Submarine warfare took place in both the Pacific and European theaters of war. However, U.S. Navy submarines saw their greatest success against Japanese merchant vessels and warships. Submarines also played humanitarian and special operations roles in the campaign against Japan. In many of the hardest-fought battles of the war, submarine crews rescued downed carrier pilots, including future President George H.W. Bush.
Fleet submarines also delivered troops tasked with special missions. In August 1942, USS Nautilus and USS Argonaut delivered Marine Corps Col. Evans F. Carlson’s “Raiders” to Makin Island in the Gilbert chain as a diversion during the Guadalcanal campaign. Subsequently, the two submarines returned to pick up the Marines after they completed their missions to reconnoiter the island and destroy important enemy facilities.
In all, U.S. submarines destroyed 1,314 enemy warships in the Pacific, representing 55% of all Axis power warships lost and a total of 5.3 million tons of shipping, Weir stated.
Out of 16,000 U.S. submariners, the force lost 375 officers and 3,131 enlisted men in 52 submarines, and “although this was a tragic loss, it was still the lowest casualty rate of any combatant submarine service on either side in the 1939-1945 conflict,” Weir noted. In the final months of the war, American submarines had difficulty finding targets because the Japanese had virtually no ships left to sink.
Submarines also played an important role in the European theater in the Atlantic Ocean and the Mediterranean Sea, where German U-boats posed a menace against allied shipping, particularly in the early years of the war.

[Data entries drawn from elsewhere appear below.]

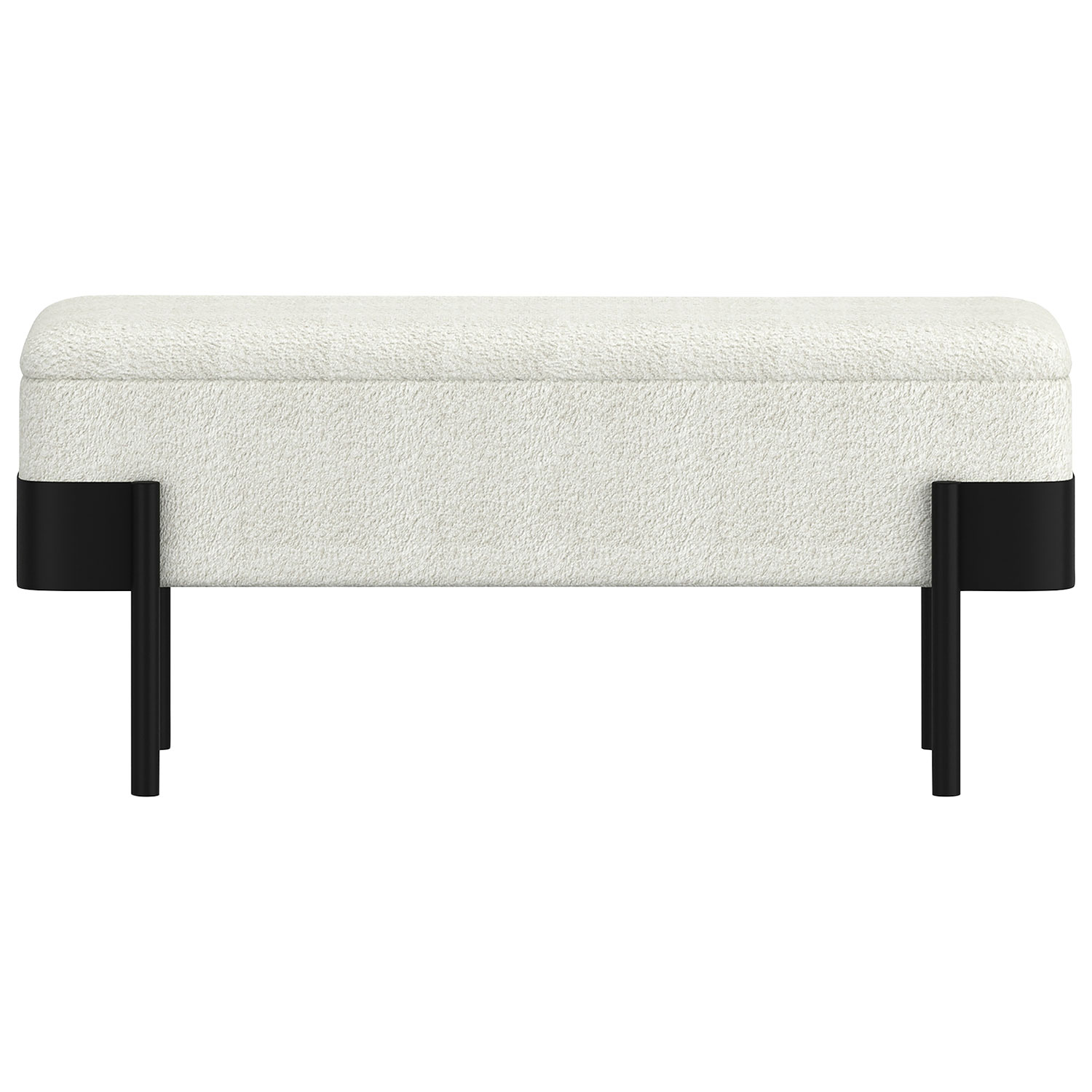 Pouf de rangement contemporain en polyester Inspire - Ivoire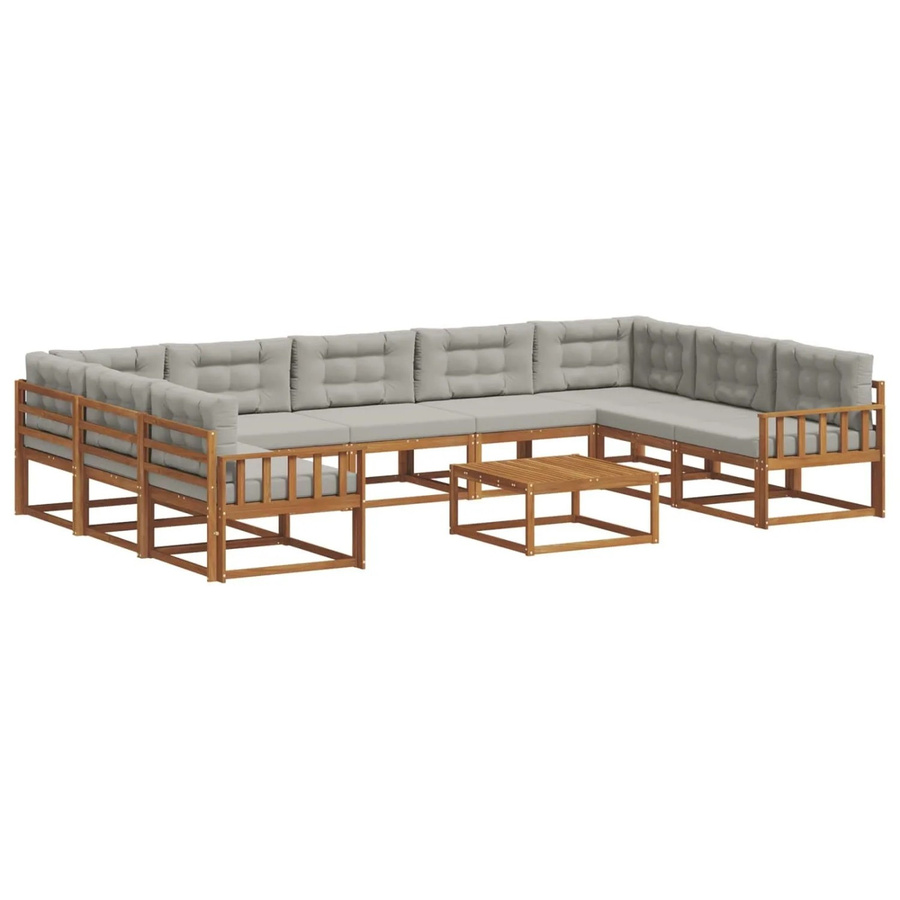 vidaXL Outdoor-Sofagarnitur aus Akazienholz mit 10-teiligem Set und Kissen, Farbe: Natur und Hellgrau - Bild 2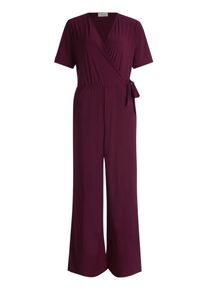 Jumpsuit Cartoon "Jumpsuit mit Bindeg&uuml;rtel", Damen, Gr. 40, EURO, lila (schwarz aubergine), Obermaterial: 95% Polyester PES. 5% Elasthan EL., Overalls Jumpsuit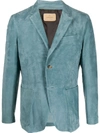 Ajmone Textured Single-breasted Blazer In Blue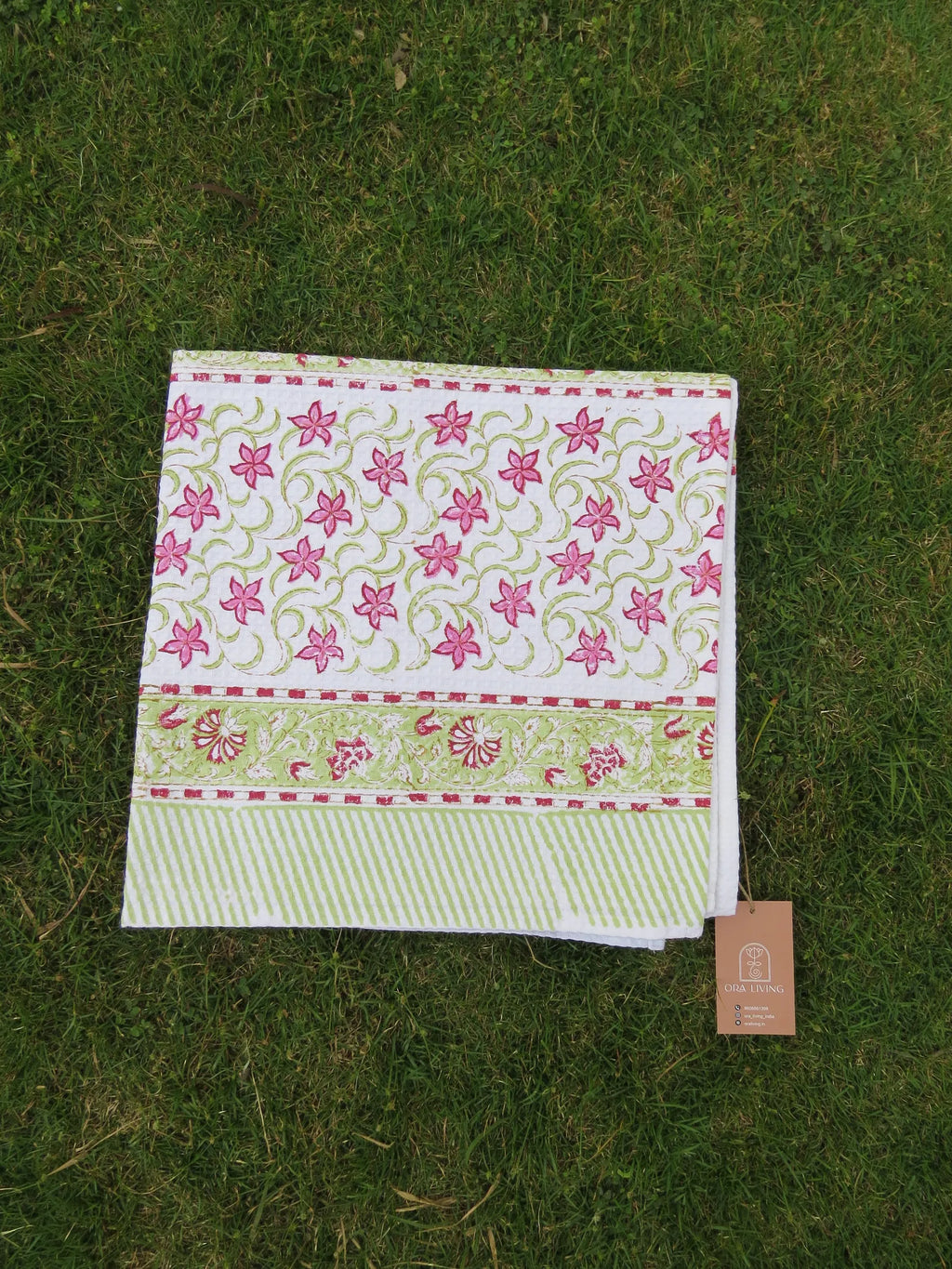 Paisley Flower Handblock Waffle Cotton Bath Towel image 2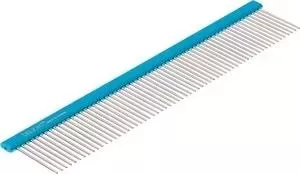 Расческа DeLIGHT алюм. 25 см с плоской синей ручкой, зуб 3,6 см 36125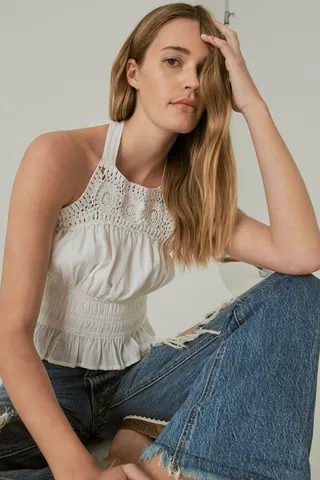 Crochet Trim Halter Top
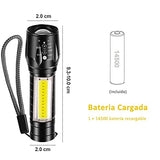 🔦 Linterna recargable EASYTAO Linterna LED Recargable Paquete de 2, Lampara Tactica con Luz de XPE+COB Flashlight Portátil, Lampara Led con 5 Modos de Luz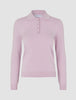Women's Elevated Knit Polo Soft Pink Melange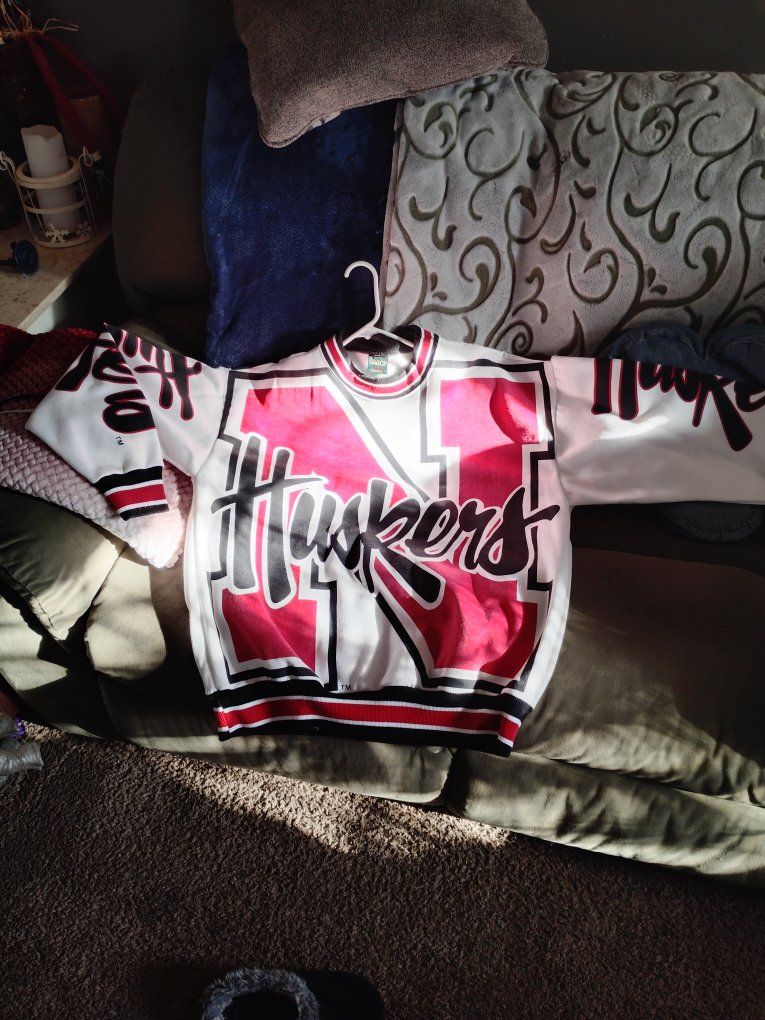 Vintage Nebraska Huskers Crewneck Sweatshirt - Size XL - Cotton Blend - White/Red/Black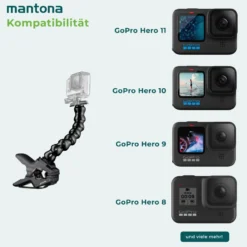 Mantona Maxi Auslegearm mit Klemme - 200 x 100 x 50 mm - bis 5 cm Breite - kompatibel mit GoPro Hero 11 10 9 8 7 6 5 4 3+ 3 2 1, Session und Action Cams - Video Foto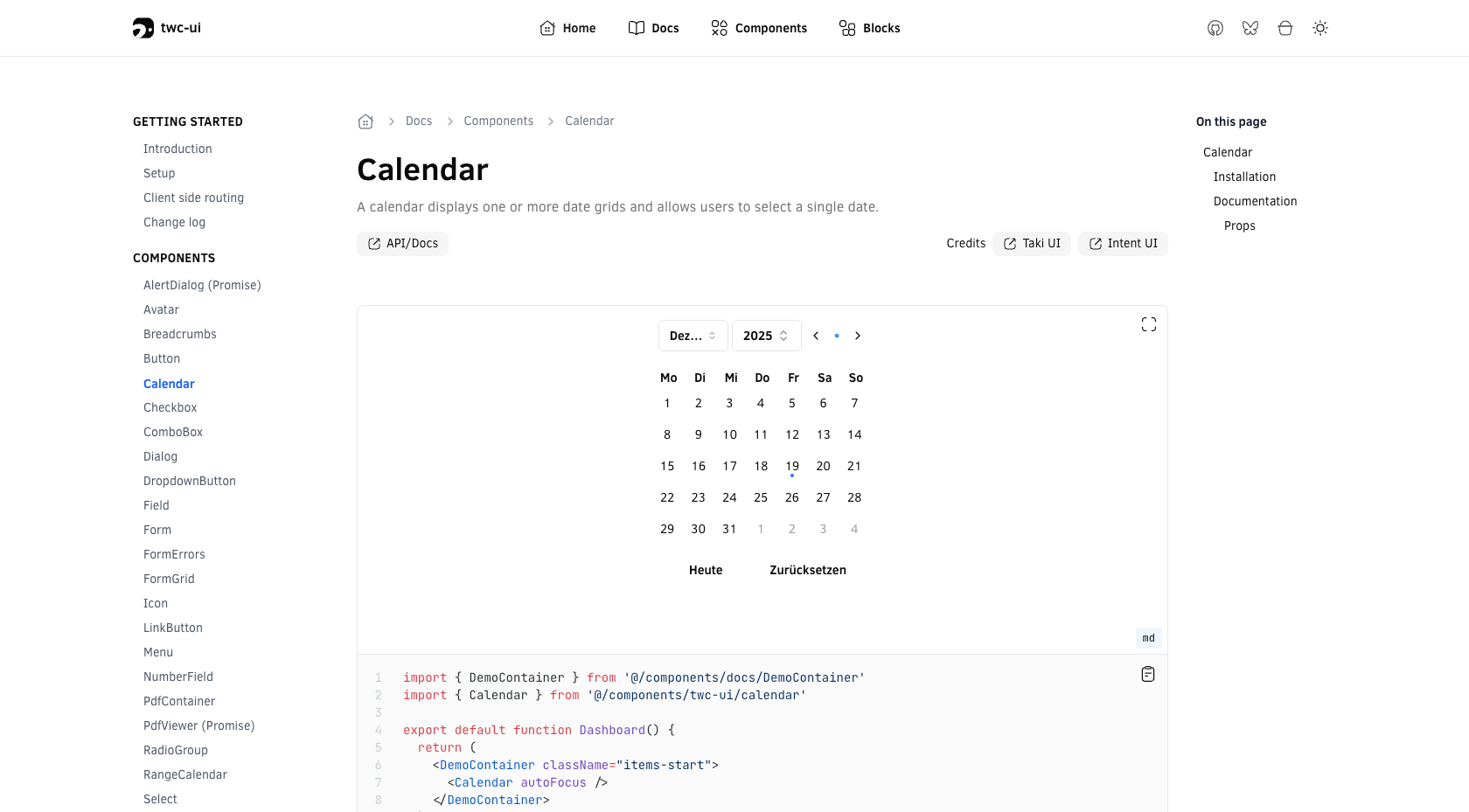twc-ui - UI-Komponentensammlung für React 19 (WIP)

By mid-1943, U.S. advances in sensors and antisubmarine weapons carried by warships convoying merchant vessels greatly reduced the U-boat threat, and much of the submarine force was transferred to the Pacific theater.
After World War II, huge advances were made in submarines: nuclear power enables submarines to remain underwater for long periods of time, and improvements in weaponry include long-range, accurate missiles and torpedoes that can be used against ships, other submarines and even land targets.
Submarines are also used for other missions such as intelligence gathering, minelaying and transport of special operations forces.
Together with long-range bombers and intercontinental ballistic missiles, today’s ballistic missile submarines are the third component of the nuclear triad.